In August, Br. Evagrius made his solemn profession, and shortly afterward sent the following reflection about the experience to the College’s president, Dr. Michael F. McLean:

Mortuus sum, et vita mea est abscondita cum Christo in Deo.” “I am dead, and my life is hidden with Christ in God.”

This was the hymn that echoed above me as I lay stretched out upon the cold floor, a black funeral shroud draped over my still body. The funeral bells rang their mournful cry announcing the passage of another soul from this world … and I wept. I had given God all that I had: money, time, energy, even my own life dedicated fully to Him. But of what value are the things that I seek to give to Him when He possesses the universe? My gifts are like ashes and smoke.

A wise Abba once told me, “In the end all that we can give to God is our dying, and that pleases the spouse very much.” I had finally given that little gift to Him as well, prefiguring my own death in the flesh with my death from the world. Now I have nothing left, except the years of waiting until I am finally brought in to the wedding feast of the lamb.
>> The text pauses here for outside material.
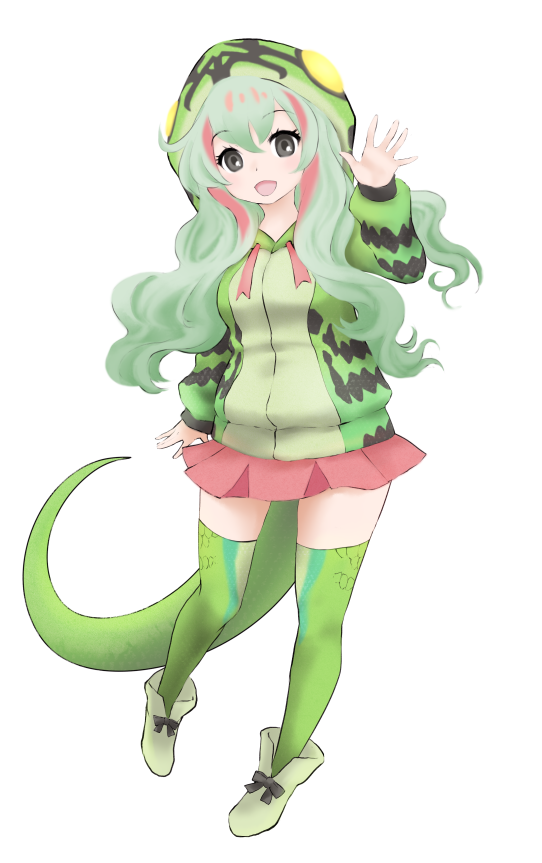 1girl :d animal_hood arm_at_side bangs black_bow boomslang_(kemono_friends) bow breasts eyebrows eyebrows_visible_through_hair eyelashes full_body green_footwear green_hair green_hoodie green_legwear grey_eyes hair_between_eyes hand_up hood hood_up hoodie ise_(0425) kemono_friends legs_apart long_hair long_sleeves looking_at_viewer medium_breasts multicolored_hair open_mouth pigeon-toed pink_hair pink_skirt pleated_skirt shoes simple_background skirt smile snake_tail solo tail thigh-highs two-tone_hair very_long_hair white_background zettai_ryouiki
When will my death be consummated so that I can be with the Spouse? I do not know. But until that day comes I must prepare myself, for as the same Abba told me, “The monastic life is a preparation for martyrdom.”

The hymn continued: “Non moriar sed vivam, et narrabo opera Domini.” “I will not die but I shall live, and I will proclaim the works of the Lord.”

Having made my solemn vows, I am now given a mission, to proclaim the works of the Lord by my life until that time when He should call me to lay it down out of love, a holocaust consumed, emptied as Christ emptied himself, to die just as He did. Then death loses its sting, it is no longer a tragedy of pain, fear and sorrow, but rather a separation from the obstacles that keep the soul from union with God, a joyful transformation from orphan-hood to son-ship, a resurrection to life everlasting.